Additionally, millennials are no stranger to online communications. They've always known email, texting and instant messaging. They've been living out loud for sometime on Facebook and Twitter. They practically invented the selfie. They are transparent and expect others to be as well, especially brands.
It isn't that Millennials don't want to be marketed to; it's that they want to be marketed to on their terms. They want to be heard. They want to be valued. We all want that, but they're the only generation to have the nerve to demand it. And they're willing to sacrifice a deal of privacy to get it. But for millennials, it isn't much of a sacrifice. Remember, this generation had to grow up fast — many were only 10 years old on 9/11 and ever since the Iraq War, the war in Afghanistan, Hurricane Katrina, the Haiti Earthquake, the housing crisis and now the economy have been their reality. They've been taking off their shoes in airport security for most of their lives, so giving marketing companies a peak into their online search history isn't a big deal, especially if it results in a better online experience.
What Does This Mean for Digital Advertisers?
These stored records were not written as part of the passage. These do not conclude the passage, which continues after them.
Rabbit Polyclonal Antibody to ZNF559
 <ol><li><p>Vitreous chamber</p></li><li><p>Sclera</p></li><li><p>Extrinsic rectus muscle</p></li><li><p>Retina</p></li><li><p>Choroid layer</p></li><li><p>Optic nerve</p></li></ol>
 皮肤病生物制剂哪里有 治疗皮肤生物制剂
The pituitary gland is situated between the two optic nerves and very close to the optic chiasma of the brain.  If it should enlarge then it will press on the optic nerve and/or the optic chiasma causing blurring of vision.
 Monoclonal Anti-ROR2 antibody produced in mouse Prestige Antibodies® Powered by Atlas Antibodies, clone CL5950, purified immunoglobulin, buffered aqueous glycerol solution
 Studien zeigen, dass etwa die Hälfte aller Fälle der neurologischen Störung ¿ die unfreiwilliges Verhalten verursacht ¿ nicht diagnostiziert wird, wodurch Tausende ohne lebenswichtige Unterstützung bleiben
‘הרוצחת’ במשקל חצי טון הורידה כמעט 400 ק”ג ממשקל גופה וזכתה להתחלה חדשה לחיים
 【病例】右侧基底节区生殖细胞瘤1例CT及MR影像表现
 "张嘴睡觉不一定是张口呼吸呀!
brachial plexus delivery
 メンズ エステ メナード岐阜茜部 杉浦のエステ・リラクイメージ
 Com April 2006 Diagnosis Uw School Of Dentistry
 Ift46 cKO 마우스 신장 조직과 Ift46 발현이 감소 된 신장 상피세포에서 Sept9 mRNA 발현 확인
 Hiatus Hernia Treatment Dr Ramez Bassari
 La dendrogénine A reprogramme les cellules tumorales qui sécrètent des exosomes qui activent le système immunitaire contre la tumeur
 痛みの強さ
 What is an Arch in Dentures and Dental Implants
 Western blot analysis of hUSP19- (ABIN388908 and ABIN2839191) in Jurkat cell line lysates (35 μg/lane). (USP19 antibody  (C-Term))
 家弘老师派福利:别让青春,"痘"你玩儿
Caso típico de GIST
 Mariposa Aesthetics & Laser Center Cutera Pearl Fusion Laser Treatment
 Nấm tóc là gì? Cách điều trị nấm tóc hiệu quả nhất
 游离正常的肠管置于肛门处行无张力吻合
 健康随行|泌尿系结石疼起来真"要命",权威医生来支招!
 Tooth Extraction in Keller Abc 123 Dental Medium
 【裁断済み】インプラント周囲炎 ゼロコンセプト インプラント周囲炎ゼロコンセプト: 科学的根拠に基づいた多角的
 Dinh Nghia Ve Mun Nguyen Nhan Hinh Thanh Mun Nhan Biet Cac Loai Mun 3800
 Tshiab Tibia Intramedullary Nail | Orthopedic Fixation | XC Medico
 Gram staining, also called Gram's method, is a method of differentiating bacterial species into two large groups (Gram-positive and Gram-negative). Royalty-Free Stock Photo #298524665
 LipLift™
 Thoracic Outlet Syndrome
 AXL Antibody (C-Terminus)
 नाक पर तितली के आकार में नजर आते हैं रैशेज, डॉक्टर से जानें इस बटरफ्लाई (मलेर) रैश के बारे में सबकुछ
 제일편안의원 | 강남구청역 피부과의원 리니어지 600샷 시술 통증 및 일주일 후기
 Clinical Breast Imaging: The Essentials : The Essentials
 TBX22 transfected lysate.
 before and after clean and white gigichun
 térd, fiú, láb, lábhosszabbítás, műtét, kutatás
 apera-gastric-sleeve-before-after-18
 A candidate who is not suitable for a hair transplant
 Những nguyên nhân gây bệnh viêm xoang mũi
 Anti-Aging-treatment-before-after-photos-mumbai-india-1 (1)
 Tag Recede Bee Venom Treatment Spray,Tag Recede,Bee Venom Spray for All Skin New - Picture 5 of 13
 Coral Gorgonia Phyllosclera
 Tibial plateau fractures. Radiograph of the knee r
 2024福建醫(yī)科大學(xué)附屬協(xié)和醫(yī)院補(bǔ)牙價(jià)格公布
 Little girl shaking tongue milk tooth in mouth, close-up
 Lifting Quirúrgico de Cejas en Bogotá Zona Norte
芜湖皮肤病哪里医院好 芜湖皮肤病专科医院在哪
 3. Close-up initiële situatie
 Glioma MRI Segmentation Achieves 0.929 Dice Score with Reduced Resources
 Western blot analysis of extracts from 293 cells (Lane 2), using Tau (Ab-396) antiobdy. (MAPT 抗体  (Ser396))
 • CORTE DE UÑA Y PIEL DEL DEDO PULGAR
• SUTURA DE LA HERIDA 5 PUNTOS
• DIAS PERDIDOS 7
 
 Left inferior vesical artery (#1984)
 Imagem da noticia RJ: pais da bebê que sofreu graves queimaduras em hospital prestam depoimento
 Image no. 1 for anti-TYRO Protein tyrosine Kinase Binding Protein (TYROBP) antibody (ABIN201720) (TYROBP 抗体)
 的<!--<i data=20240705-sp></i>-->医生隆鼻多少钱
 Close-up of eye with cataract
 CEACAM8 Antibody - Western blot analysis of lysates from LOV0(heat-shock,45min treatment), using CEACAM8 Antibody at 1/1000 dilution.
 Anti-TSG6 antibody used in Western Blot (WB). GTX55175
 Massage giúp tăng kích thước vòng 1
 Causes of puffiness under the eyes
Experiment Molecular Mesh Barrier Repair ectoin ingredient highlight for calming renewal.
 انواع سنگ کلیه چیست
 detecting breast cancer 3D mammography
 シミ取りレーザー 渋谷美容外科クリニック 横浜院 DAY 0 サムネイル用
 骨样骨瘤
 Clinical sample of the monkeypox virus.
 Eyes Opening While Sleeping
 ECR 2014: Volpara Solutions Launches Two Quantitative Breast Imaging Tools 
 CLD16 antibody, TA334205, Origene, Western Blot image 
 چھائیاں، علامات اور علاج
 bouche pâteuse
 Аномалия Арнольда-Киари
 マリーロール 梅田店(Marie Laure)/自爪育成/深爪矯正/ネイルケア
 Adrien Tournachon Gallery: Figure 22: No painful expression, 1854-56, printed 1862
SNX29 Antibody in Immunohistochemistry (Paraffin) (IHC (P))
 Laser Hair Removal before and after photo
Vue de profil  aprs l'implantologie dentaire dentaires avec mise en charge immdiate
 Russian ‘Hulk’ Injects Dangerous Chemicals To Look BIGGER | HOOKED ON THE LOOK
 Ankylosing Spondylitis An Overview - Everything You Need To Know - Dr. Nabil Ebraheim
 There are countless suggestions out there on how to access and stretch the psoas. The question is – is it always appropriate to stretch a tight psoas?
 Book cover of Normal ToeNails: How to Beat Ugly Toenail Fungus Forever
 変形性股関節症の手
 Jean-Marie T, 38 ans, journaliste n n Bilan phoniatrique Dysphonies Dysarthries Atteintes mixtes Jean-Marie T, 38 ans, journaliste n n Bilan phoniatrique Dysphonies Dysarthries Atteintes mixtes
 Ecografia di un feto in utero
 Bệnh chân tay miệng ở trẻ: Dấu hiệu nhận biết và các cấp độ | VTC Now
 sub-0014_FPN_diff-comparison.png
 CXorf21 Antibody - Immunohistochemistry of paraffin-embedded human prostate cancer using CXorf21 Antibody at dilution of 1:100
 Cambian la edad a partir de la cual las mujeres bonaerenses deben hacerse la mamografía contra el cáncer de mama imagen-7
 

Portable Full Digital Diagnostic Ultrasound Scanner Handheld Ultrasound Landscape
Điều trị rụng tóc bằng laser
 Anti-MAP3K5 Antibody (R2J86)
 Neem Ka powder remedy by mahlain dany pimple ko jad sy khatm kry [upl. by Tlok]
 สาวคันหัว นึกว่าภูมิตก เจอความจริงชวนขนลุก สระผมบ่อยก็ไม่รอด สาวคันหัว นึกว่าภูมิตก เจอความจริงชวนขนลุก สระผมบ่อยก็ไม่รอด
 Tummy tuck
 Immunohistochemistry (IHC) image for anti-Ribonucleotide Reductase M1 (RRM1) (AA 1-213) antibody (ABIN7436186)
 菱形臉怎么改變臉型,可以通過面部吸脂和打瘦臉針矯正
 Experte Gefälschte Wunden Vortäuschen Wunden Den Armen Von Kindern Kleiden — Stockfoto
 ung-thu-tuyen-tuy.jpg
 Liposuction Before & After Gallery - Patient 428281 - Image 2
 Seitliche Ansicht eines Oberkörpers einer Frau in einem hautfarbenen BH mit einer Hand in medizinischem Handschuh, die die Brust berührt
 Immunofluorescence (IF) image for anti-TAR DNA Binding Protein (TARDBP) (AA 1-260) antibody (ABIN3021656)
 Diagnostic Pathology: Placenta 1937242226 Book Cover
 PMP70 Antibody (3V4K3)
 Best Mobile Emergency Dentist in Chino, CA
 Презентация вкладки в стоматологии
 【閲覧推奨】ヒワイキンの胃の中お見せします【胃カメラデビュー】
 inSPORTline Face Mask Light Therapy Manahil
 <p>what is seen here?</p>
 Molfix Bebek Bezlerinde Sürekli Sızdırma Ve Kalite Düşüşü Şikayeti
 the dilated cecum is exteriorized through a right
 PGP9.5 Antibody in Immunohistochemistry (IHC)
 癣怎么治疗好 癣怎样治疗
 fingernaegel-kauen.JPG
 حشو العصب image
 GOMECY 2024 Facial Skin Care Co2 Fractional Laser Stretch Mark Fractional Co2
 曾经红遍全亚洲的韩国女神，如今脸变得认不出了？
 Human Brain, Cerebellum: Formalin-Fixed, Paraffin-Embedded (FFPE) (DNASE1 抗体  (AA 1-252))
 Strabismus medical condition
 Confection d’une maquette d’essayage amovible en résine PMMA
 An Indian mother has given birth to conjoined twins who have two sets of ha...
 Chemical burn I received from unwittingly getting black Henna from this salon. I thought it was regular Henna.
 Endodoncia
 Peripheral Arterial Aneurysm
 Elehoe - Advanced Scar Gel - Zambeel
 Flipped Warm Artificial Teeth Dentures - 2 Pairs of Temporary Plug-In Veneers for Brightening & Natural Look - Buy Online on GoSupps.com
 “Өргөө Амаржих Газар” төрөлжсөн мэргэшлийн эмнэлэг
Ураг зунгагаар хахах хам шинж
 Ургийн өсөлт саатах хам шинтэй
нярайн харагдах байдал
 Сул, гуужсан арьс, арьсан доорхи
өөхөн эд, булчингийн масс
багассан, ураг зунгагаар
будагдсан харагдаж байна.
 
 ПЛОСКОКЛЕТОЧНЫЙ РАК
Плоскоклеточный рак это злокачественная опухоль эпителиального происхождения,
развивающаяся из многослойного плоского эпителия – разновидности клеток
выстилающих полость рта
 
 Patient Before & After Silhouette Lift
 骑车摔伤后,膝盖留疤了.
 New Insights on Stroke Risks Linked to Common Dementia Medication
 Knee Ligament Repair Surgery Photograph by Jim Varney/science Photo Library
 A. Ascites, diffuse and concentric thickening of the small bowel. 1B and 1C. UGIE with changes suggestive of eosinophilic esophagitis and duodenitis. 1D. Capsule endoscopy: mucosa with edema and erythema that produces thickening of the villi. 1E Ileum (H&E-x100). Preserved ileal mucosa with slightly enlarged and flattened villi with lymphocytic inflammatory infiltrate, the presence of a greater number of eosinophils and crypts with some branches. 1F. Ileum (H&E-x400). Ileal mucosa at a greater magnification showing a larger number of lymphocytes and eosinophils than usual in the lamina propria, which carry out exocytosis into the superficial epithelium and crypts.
For digital marketers, it means more dialogues and fewer monologues. It means the end of disruptive ads. It means being responsive and being present across a plethora of digital channels, from mobile to social. It means being cool without trying to be cool.
Though there was rumor of a mass exodus of millennials from Facebook once their parents arrived, Hawley and McRoberts still agree that it's still a main platform used to peruse to see what people are saying and doing. But they use it differently than a lot of us. They're trained not to look at the side margin and they don't know what sponsored stories are.
Millennials use Twitter as a forum to communicate with friends, even if they've never met IRL. Word of Mouth is strong and a recommendation from a fan or follower can hold just as much weight as one from a close friend or family member. Communications with brands they trust should be unique and offer a valuable experience.
Images are popular and can easily capture the moment better than words ever could. Likewise, it's a way to consume messages from brands quicker than posts or status updates can.
Short videos produced on Vine or Instagram can be valuable provided they are humorous or offer utility, like quick tips and tricks. A few years ago, user-generated content promised a holy grail of marketing opportunities for brands, but all we got were crappy, shaking videos. Even today, we're still having to train users to hold their phones horizontally when filming. But for millennials, they get it. They're comfortable with the technology and images and videos generated by users are getting better, providing marketers with a low-cost content marketing opportunity.
Over 90% of millennials have a mobile phone and over half of them have a smartphone, with almost 60% of them accessing the mobile internet through those phones. Don't have a mobile-friendly presence? Then the odds of capturing the attention of millennials may not be in your favor.
Millennials Are Setting the New Standard
Millennials are growing up and they'll be setting the new standard of marketing in the digital era. They're not likely to suddenly want more online privacy or become less tech savvy. This is a radical shift for marketers, who have had to develop strategies for older audiences who may have been slow to adapt newer technologies.
For the foreseeable future, digital marketing for millennials will start to become the rule, rather than the exception. As such, brands will have to learn how to become more open, transparent, and conversational with their targeted audience if they want to reap the benefits. And there are benefits. Millennials are loyal and will recommend products they respect and enjoy.